Les systèmes d’identité sont conçus pour réduire l’incertitude sur les personnes, non pour trancher l’histoire artistique. Deux collaborateurs vérifiés peuvent malgré tout être en désaccord sur la qualité d’auteur, et une société munie de documents d’enregistrement valables peut malgré tout surestimer ce qu’elle détient. Une procédure de contestation doit donc séparer les questions relatives à l’identité du déposant de celles portant sur la validité juridique du dépôt.

Cette séparation protège les deux parties. Elle empêche un inconnu non vérifié de formuler une revendication anonyme, tout en garantissant que la première personne vérifiée à enregistrer une œuvre ne puisse pas se servir de son identité comme d’un bouclier face à de meilleures preuves. Une authentification robuste et un examen équitable sont deux volets complémentaires d’un même système.

Schéma comparatif montrant que la vérification et l’examen de la revendication répondent à des questions différentes. La vérification d’identité demande qui a déposé et relie le dépôt à un demandeur vérifié ; l’examen de la revendication demande si le dépôt est exact et éprouve les preuves ainsi que les revendications concurrentes. Des flèches issues des deux fiches convergent vers un même bandeau indiquant que la contestation reste possible.
Source : OMPI, Copyright Registration Systems.
Une question d’identité nationale pour l’économie créative

Les jeunes créateurs ghanéens entrent déjà dans l’économie par la propriété intellectuelle. Telle personne sortira une instrumentale, publiera un jeu ou constituera un portfolio de design avant d’ouvrir une entreprise classique. Pour elle, le premier actif de valeur sera peut-être un droit d’auteur plutôt qu’un terrain ou des machines. Un lien fiable entre l’identité et l’œuvre peut faciliter la négociation avec un partenaire sérieux, la perception d’un paiement sous le bon nom et la présentation d’un dossier crédible sur un autre marché.

Le défi de politique publique est de rendre ce lien utile sans le rendre intrusif. Le meilleur système divulguera moins, et non davantage, tout en donnant aux institutions l’assurance qu’une personne ou une organisation réelle et responsable se tient derrière la revendication.

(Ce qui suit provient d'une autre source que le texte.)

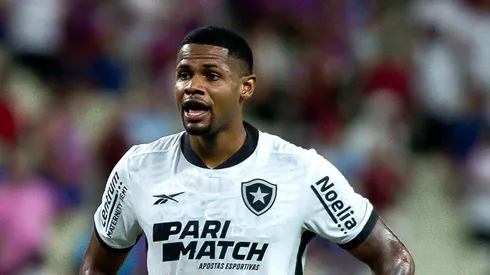 Júnior Santos, atacante do Botafogo, pelo Campeonato Brasileiro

Un test simple devrait guider la conception. Lorsque la titularité est en jeu, le système peut-il vérifier qui agit, confirmer l’œuvre sur laquelle porte l’action et ne révéler que les informations nécessaires à cette fin ? Si le Ghana sait bien répondre à ces trois questions, son infrastructure d’identité deviendra un socle d’opportunités créatives plutôt qu’une barrière de plus à franchir pour les créateurs.

L’intégration de l’identité ne réussira que si les créateurs y voient une protection et non une surveillance. Cela suppose des explications simples, un consentement éclairé et des limites claires sur ce que chacun peut voir. La confiance dépendra autant de la retenue que de l’exactitude technique.

Un système bien conçu peut aussi réduire les vérifications répétées. Une fois qu’une institution de confiance a confirmé la relation entre une personne, une organisation et une œuvre, les utilisateurs suivants devraient pouvoir s’appuyer sur un résultat de vérification approprié au lieu de demander au créateur de fournir à nouveau les mêmes documents sensibles.

La valeur à long terme, c’est la confiance institutionnelle. Les créateurs gagnent un moyen d’assumer une revendication sans exposer leur vie privée, tandis que les plateformes et les licenciés gagnent une méthode fiable pour savoir que le demandeur est plus qu’un profil convaincant.